= Leucippus (son of Xanthius) =

Character in Greek mythology

In Greek mythology, Leucippus (Λεύκιππος) is a minor figure mentioned in the works of Parthenius of Nicaea who attributes the tale to the Hellenistic poet Hermesianax of Colophon. He is the son of Xanthius, a descendant of Bellerophon, by an unnamed mother.

== Mythology ==
Leucippus excelled in strength and valour, and was thus well known among the Lycians and their neighbours as well, who were constantly plundered and mistreated by him. He incurred the wrath of the goddess Aphrodite after an unspecified offence, and so the goddess made him fall in love with his own sister (who is not named). At first he tried to hold out and deny his passion, but in the end he confessed to his mother, and implored her to help him out or he would kill himself. His mother in pity obliged to her son's request and arranged for the sister to lie in bed with her brother.

Word of it spread out however, and reached the ears of the girl's betrothed, who confronted Xanthius about it without mentioning Leucippus by name. Xanthius was troubled greatly to learn that, until the betrothed's informer led him to the girl's bedchamber. The girl, frightened, tried to escape so she would not be caught together in bed with her brother, but due to the dark Xanthius mistook her for his daughter's unknown seducer and struck her with his dagger, killing her. She cried in pain as she died, and Leucippus then attacked Xanthius, not recognizing his father, killing him as well.

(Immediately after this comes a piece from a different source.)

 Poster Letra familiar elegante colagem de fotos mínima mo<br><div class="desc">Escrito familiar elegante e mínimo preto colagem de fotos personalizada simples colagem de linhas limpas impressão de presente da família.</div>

For the murder of his father Leucippus was exiled, and went to Thessaly and helped them invade Crete, then he went to Asia Minor where he colonized and founded Magnesia on the Maeander (modern Tekin in Turkey) near Ephesus. He did so after receiving an oracle that he would be leader for a colony sent out of Pherae by King Admetus, and when he besieged the city, a girl named Leucophryne fell in love with him and betrayed her own town for his sake.

== See also ==

- Pisidice of Methymna
- Myrrha
- Polyphonte
- Rhodopis and Euthynicus

== Bibliography ==
- Parthenius, Love Romances translated by Sir Stephen Gaselee (1882–1943), S. Loeb Classical Library Volume 69. Cambridge, MA. Harvard University Press. 1916. Online version at the Topos Text Project.
- Grimal, Pierre (1986). "A Concise Dictionary of Classical Mythology"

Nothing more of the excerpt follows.